AI and robotics could revolutionise municipal waste sorting
- by 7wData
Ferrovial, a leading infrastructure operators and municipal services company, and EIT Climate-KIC partner, is collaborating with start-up ZenRobotics to incorporate AI and Robotics into the company’s municipal solid waste plants.
Europe will have to recycle 55 per cent of all municipal waste by 2025, according to a ruling passed by the European Parliament last year. For context, less than 30 per cent of all waste generated in Spain was recycled in 2016. It’s therefore increasingly necessary for all potentially recoverable waste to get recycled.
While waste sorting is a highly automated process in Europe, several tasks are still carried out manually in order to sort and recover valuable materials in the waste stream. Such tasks include the quality control of recovered materials and the separation of bulky waste. Workers are exposed to risks due to direct contact with waste. Additionally, waste sorting is a job that requires repetitive movements, which are hard on the human body.
Robotics and AI are innovations uniquely poised to improve the quality of work and health conditions of employees since exposure to waste will be reduced. These innovations will also increase the rate and quality of recovered waste that will re-enter production processes as secondary raw materials, thereby reducing the demand for completely new raw materials as well as the pollution associated with the manufacturing and extraction of such raw materials. Ferrovial decided to collaborate with start-up ZenRobotics for this reason—to support the transition to a circular economy.
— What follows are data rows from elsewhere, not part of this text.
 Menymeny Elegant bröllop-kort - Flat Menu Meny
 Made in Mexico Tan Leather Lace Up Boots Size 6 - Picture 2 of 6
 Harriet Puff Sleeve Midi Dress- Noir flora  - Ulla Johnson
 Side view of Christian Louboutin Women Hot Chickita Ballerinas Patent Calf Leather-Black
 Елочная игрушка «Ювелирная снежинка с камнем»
“The successful implementation of the ZRR for Municipal Waste project could also have a positive impact on plant workers’ jobs, which are often repetitive, unpleasant, experience high-turnover and are risky. The work will transform into automated systems management and troubleshooting—high-value jobs based on technology,” said Rafael Fernández, Director of Digital Strategy and Innovation, Ferrovial. “Automation technologies will also create new occupations that don’t exist today, much as past technologies have done.”
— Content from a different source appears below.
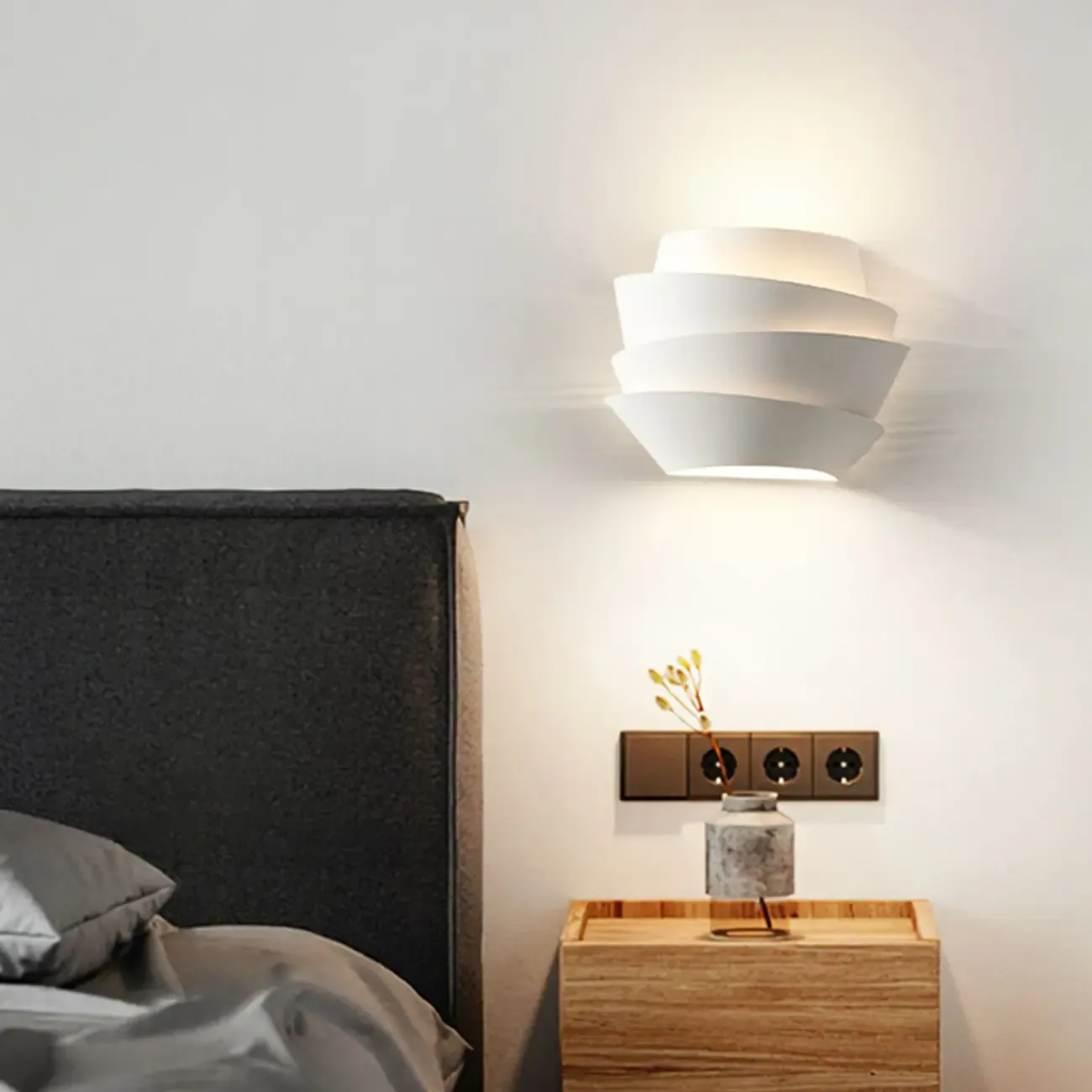 Inspired 2-Light Iron White Spiral Wall Sconce Image - 4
The Zen Robotics Recycler (ZRR) Robot is equipped with numerous sensors, including machine vision, which continuously monitor the waste stream. The AI recognises the desired materials and the industrial robotic arms, called grippers, pick out these materials quickly and precisely.
ZenRobotics technology has been tested in construction and demolition waste sorting, where it’s achieved rates of 2,000 picks per hour per gripper and purity rates of 98 per cent in separated streams. The technology has demonstrated its capacity to separate bulky items weighing up to 30 kilograms.